What to work on: All of the data below is to be repeated exactly, except for the pictures.

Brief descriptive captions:
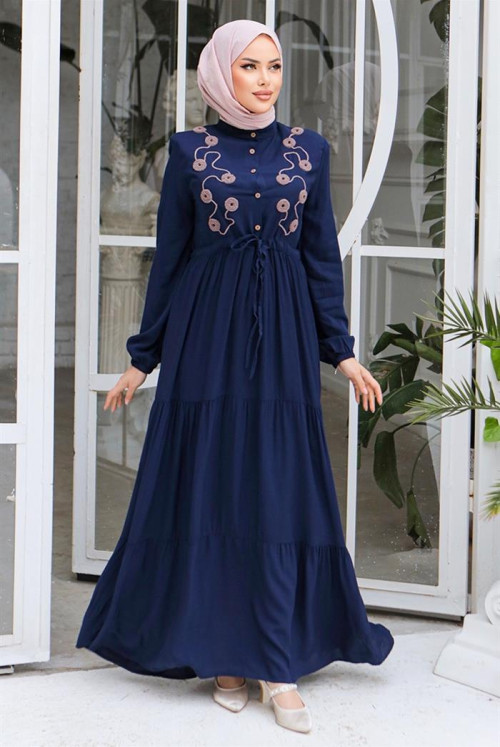 Abely Inlaid Hijab Dress 831 - Navy blue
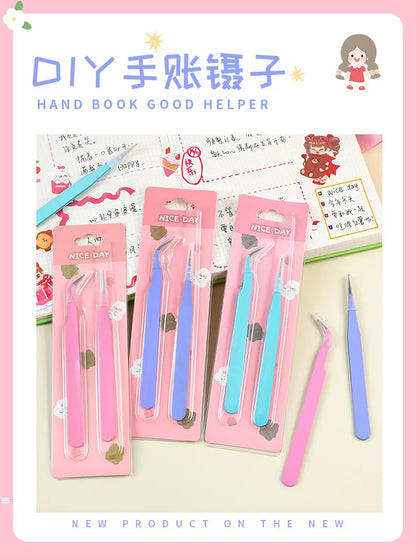 2pcs Tweezers Creative Macaroon Color Clip for DIY Decroative Journal Diary Scrapbook Sticker Tool Back To School Student Supply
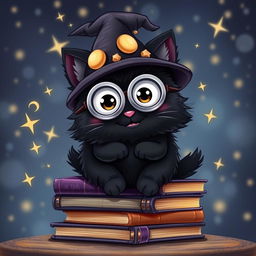 A playful black cat minion character, featuring a fluffy black body, oversized round eyes, and a cheeky grin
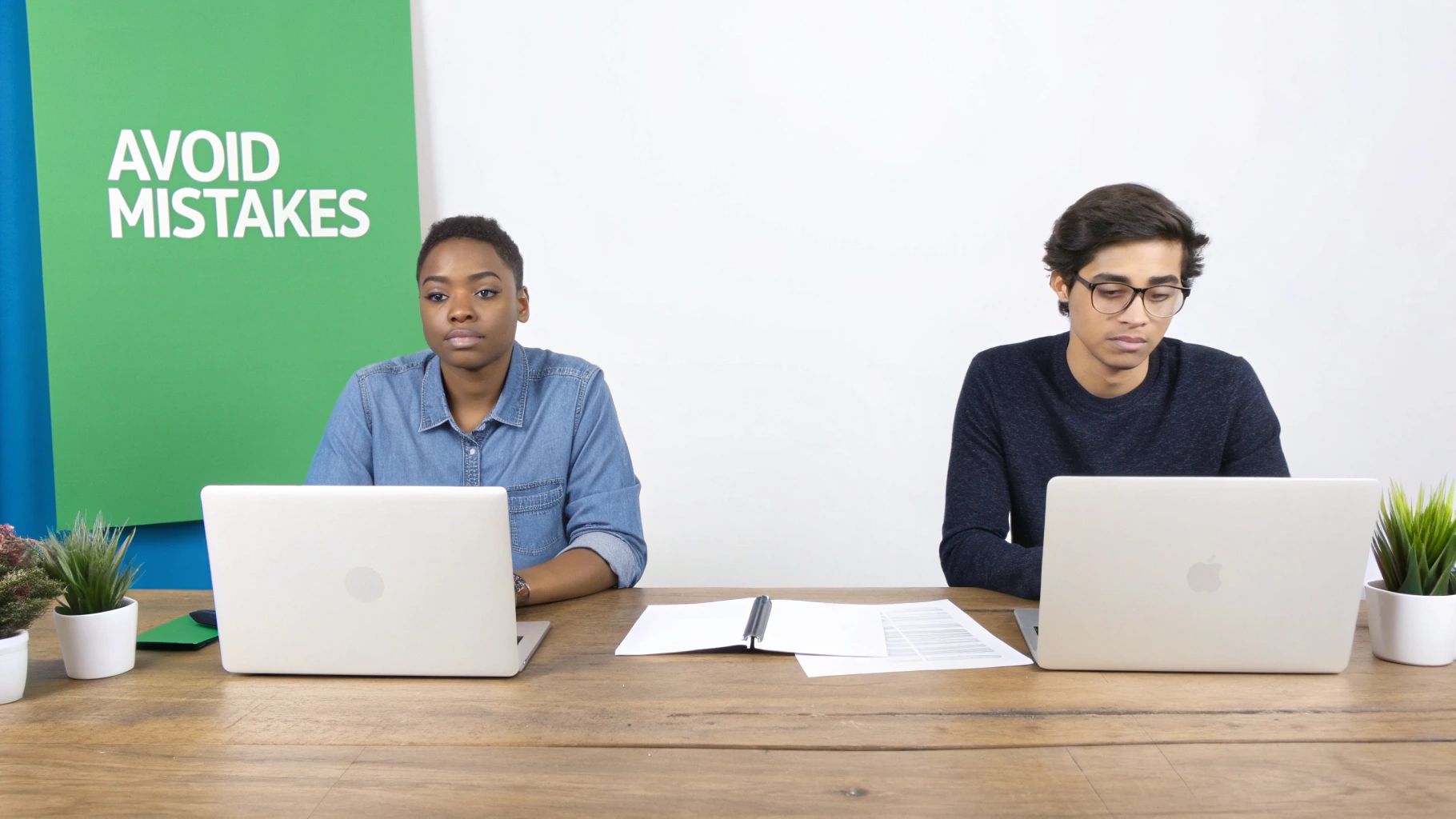 Two people working on laptops at a wooden desk, with an 'Avoid Mistakes' sign in the background.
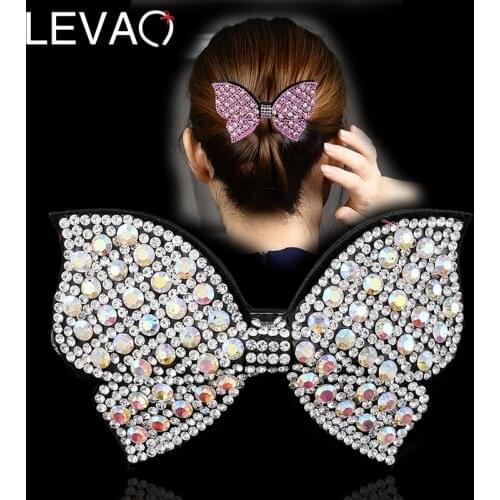 LEVAO Full Rhinestone Butterfly Shape Hairpins Elegant Ladies Flower Bowknot Hair Clip Barrettes Clips Hair Accessories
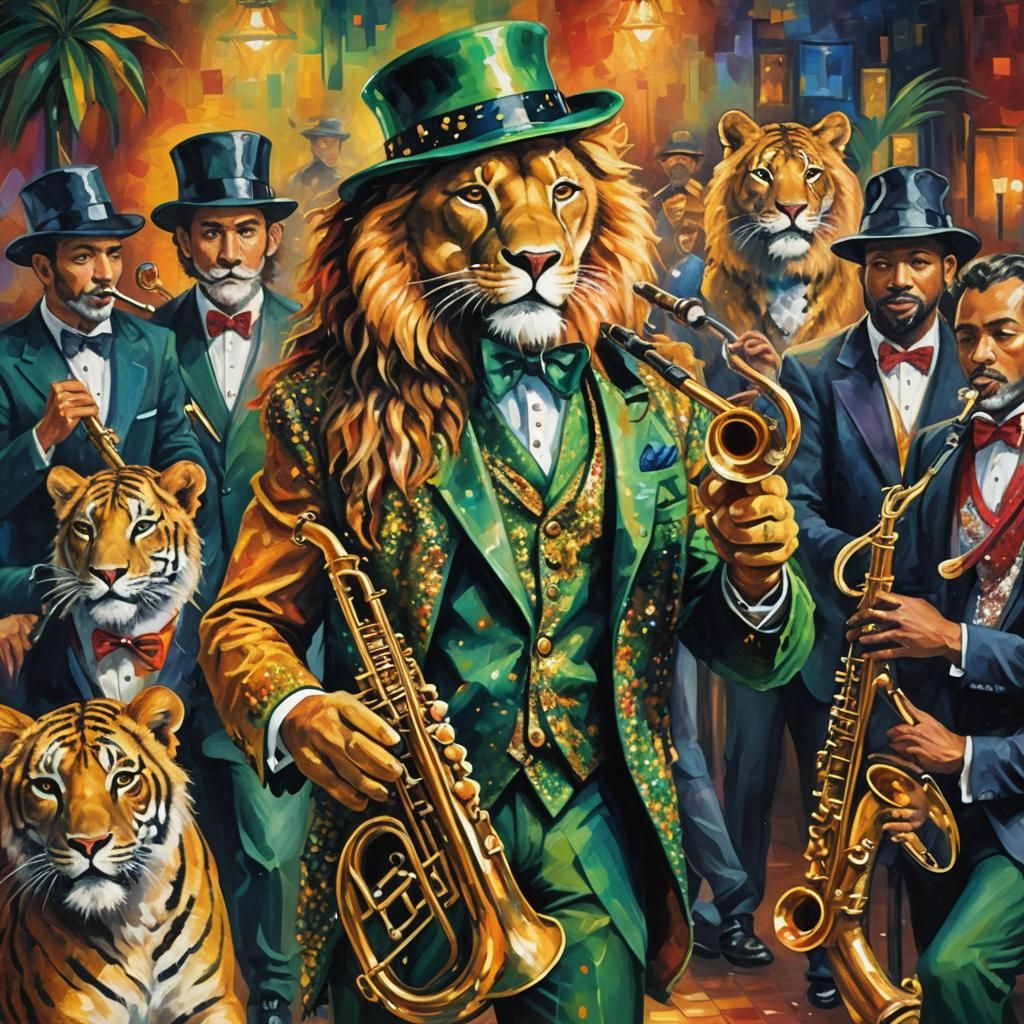 Lion Jazz Band in New Orleans, Impressionist Oil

Written solution:
 Abely Inlaid Hijab Dress 831 - Navy blue
 2pcs Tweezers Creative Macaroon Color Clip for DIY Decroative Journal Diary Scrapbook Sticker Tool Back To School Student Supply
 A playful black cat minion character, featuring a fluffy black body, oversized round eyes, and a cheeky grin
 Two people working on laptops at a wooden desk, with an 'Avoid Mistakes' sign in the background.
 LEVAO Full Rhinestone Butterfly Shape Hairpins Elegant Ladies Flower Bowknot Hair Clip Barrettes Clips Hair Accessories
 Lion Jazz Band in New Orleans, Impressionist Oil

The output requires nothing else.